Elles recherchent également des informations sur la formation et l'expérience des candidats (62%), les réseaux des candidats (39%), les traits de personnalité (32%), les communautés et forums (28%), les discussions sur ces forums (19%) ou encore les activités extra-professionnelles (17%). Ces outils présentent toutefois des inconvénients. A première vue, c'est la non-fiabilité des informations (69%) qui porte préjudice à ces outils ainsi que le manque de mise à jour des profils (63%).
Bien évidemment, ces réseaux offrent tout de même plusieurs avantages. On compte par exemple la diversité de la base de données (86%), le gain de temps (80%), le faible coût (78%) ou encore l'accès à des profils déjà en poste (70%).
A noter également que ces outils complètent occasionnellement les supports classiques de diffusion d'emploi des entreprises. Généralement, quelle que soit la phase de recrutement dans laquelle les réseaux sociaux sont utilisés, c'est de façon occasionnelle qu'ils le sont, et ce, qu'il en soit pour la recherche et la conquête des candidats ou pour faire des annonces, pour présélectionner des CV ou encore pour évaluer et vérifier les aptitudes.
Les candidats attirés plus par Facebook et Twitter
Chez les candidats, il en ressort d'abord qu'il existe une forte présence des sondés sur les réseaux sociaux. Presque la totalité des candidats a un compte sur Facebook. C'est donc un réseau social très connu chez les candidats. Viadeo est le second réseau social le plus populaire chez les candidats. Que ce soit du côté de ces derniers ou des recruteurs, le classement de la pertinence des réseaux sociaux reste sensiblement identique. Toutefois, si pour les candidats Twitter et Facebook ont presque la même pertinence pour le recrutement, il n'en est pas de même pour les recruteurs qui accordent sensiblement plus de crédit à Twitter.
Google+, Xing ou Myblogblog sont également utilisés
Quelle place tiennent-ils par rapport aux autres canaux de recherche chez les candidats ? Ils sont en 5e position et sont assez distancés par rapport à des supports tels que ANAPEC et les sites RH des entreprises. Cette position des réseaux sociaux chez les candidats montre leur importance croissante en tant que support de recrutement.
Autre constat de l'étude, la méthode la plus utilisée par les candidats pour rechercher un emploi sur un réseau social est l'usage des rubriques dédiées aux emplois. D'autres méthodes telles que le passage par les pages communautaires, le relais d'informations ou la recommandation de profils sont utilisées dans des proportions plus ou moins importantes.
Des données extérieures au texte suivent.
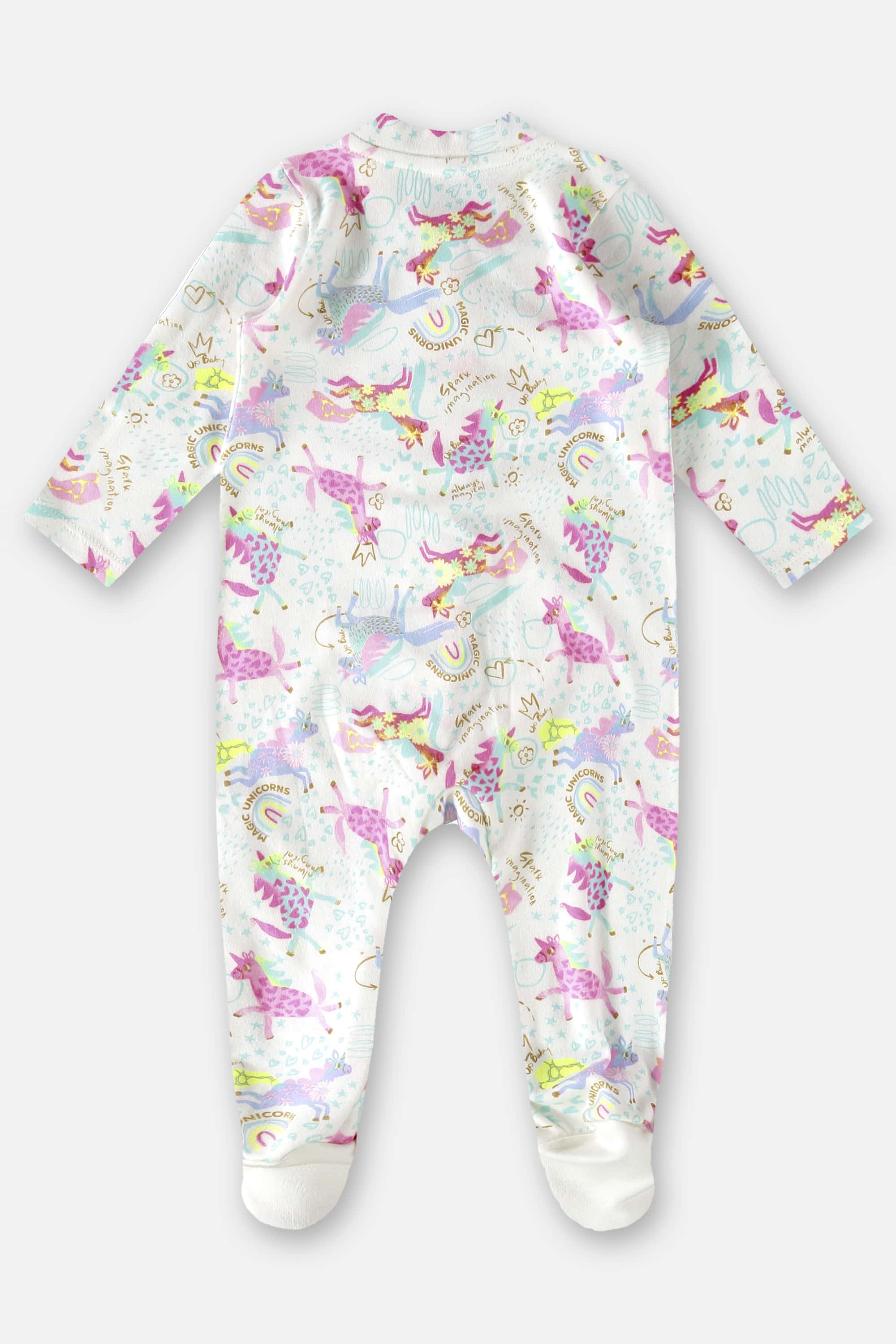 Macacão Estampado Bebê Menina (Off White) Up Baby - Imagem 3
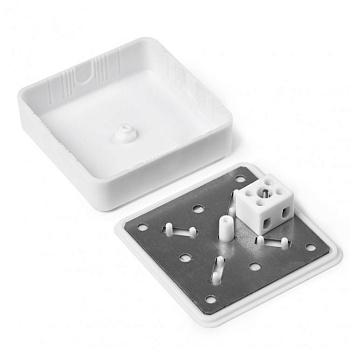 072-001 коробка монтажная огнестойкая пластиковая КМОП IP31 (2к х 2,5мм2) 75х75х23 Пожтехкабель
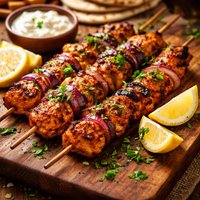 Moroccan Chicken Kebabs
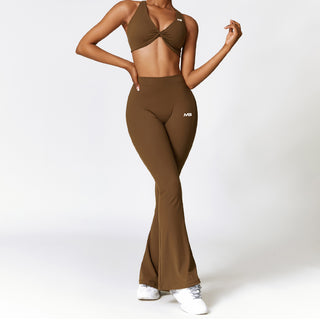 Flow V2 V Flare Leggings - Coffee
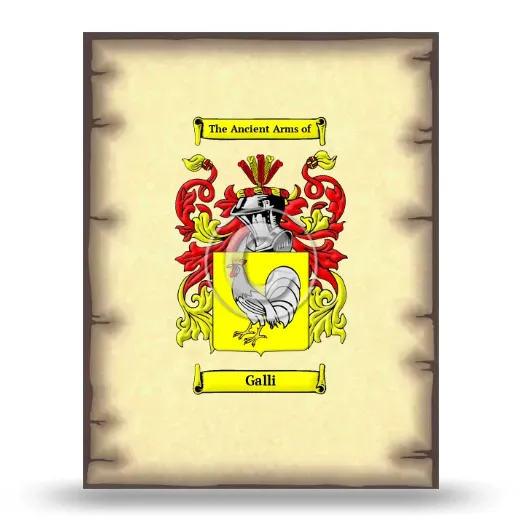 Galli Coat of Arms Print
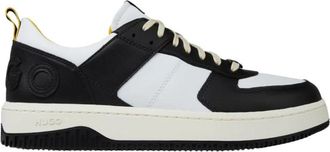 HUGO BOSS Kilian Tennis Sneakers - Heren - Sneakers - Veelkleurig - 44 EU - Leer - Schoenen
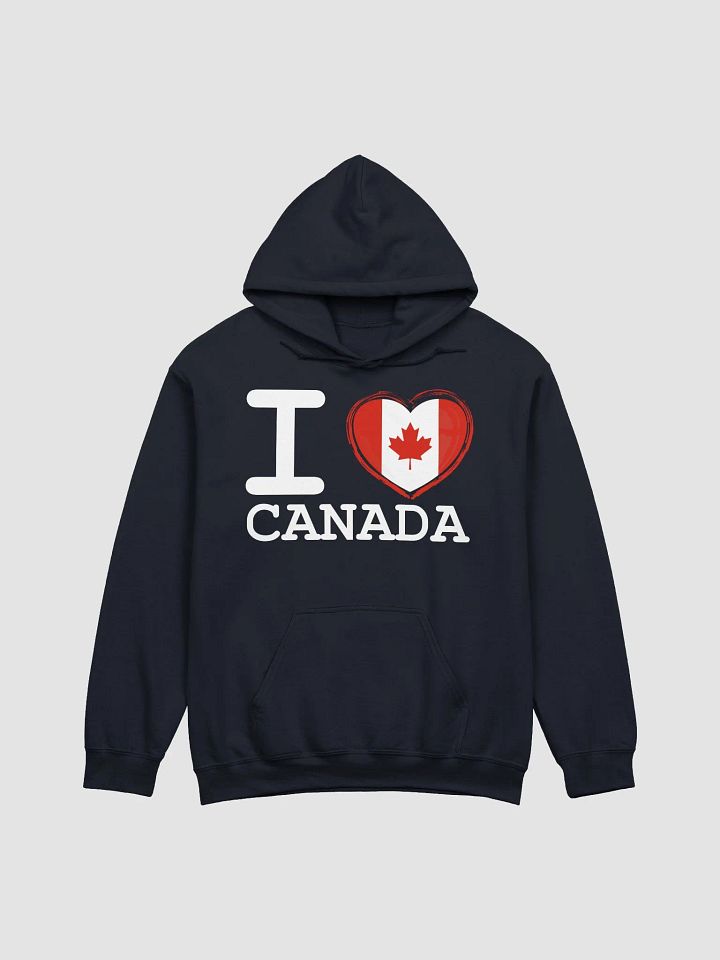 I Love Canada I Heart Canada Hoodie product image (2)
L'efficacité de ces outils en matière de résultat est également de mise puisque sur 79,75% des candidats qui entrent en contact avec les entreprises, 12% sont recrutés. Ce qui fait que le taux des candidats recrutés à l'issue des contacts établis avec les entreprises excède le pourcentage des personnes utilisant systématiquement les réseaux pour les recherches d'emploi. Autrement dit, plus on utilise les réseaux sociaux pour la recherche d'emploi plus les chances d'en trouver sont grandes.
Dans une grande proportion, les candidats recherchent la sécurité qu'offrent les emplois en CDI et dans une moindre mesure les CDD. L'intérim et d'autres types de contrats de travail sont les moins en vue. Pour ces candidats, l'usage des réseaux dans la recherche d'emploi permet la communication en temps réel et d'être proche de l'entreprise. A la question de savoir qu'est-ce qui peut constituer un inconvénient dans l'usage de ces réseaux, dans une grande majorité, les candidats pensent que l'usage des réseaux sociaux dans la recherche d'emploi expose la vie privée en la mettant en danger. Par ailleurs, il y a une présence limitée des potentiels employeurs. De même, la peur des vols d'identités virtuelles retient sensiblement les candidats.